On 26/10/2009 5:28 PM, Karen Pease wrote:
> I did my best to follow the gdb instructions. I ran:
>
> gdb -p 2852
>
> Then connected entered the logging statements, then ran "cont", then
> ctrl-c'ed it a couple times. I got:
OK, so there's nothing shrieklingly obviously wrong with what the
postmaster is up to. But what about the backend that's stopped
responding? Try connecting gdb to that "postgres" process once it's
stopped responding and get a backtrace from that.
> [root@chmmr dbscripts]# ps ax -o pid,ppid,stat,wchan:50,cmd | grep -i
> http
> 3376 1 D
> start_this_handle /usr/sbin/httpd
start_this_handle appears in common ext4 call paths, and several lkml
issue reports over time:
http://lkml.org/lkml/2009/3/11/253
http://www.google.com.au/search?q=%22start_this_handle%22+ext4
Smells like kernel bug.
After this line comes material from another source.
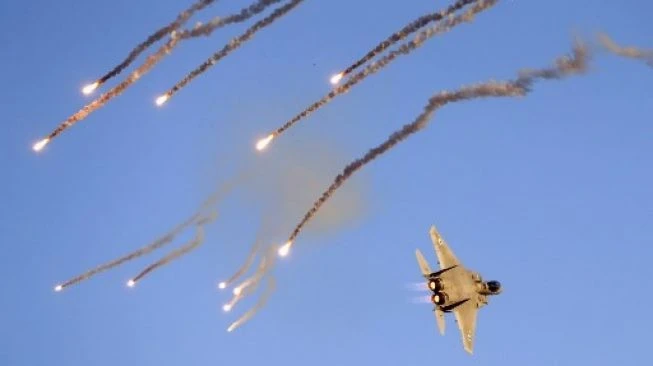 Jet-jet Tempur Israel Kembali Lancarkan Serangan ke Jalur Gaza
When looking at two extremely stable pieces of
software (Pg and apache) both having issues on a well tested kernel
(Linux) with a new and fairly immature file system in use (ext4) it's
probably not an unreasonable assumption.
You can find out a bit more about what the kernel is doing using the
"magic" keyboard sequence "ALT-SysRQ-T" from a vconsole (not under X).
If the results scroll past too fast you can page through them with
"less" on /var/log/kern.log (or /var/log/dmesg depending on your distro)
or using the "dmesg" command.
I won't be too surprised if you see a kernel stack trace for your httpd
process(es) starting something like this:
schedule+0x18/0x40
start_this_handle+0x374/0x508
jbd2_journal_start+0xbc/0x11c
ext4_journal_start_sb+0x5c/0x84
ext4_dirty_inode+0xd4/0xf0
--
Craig Ringer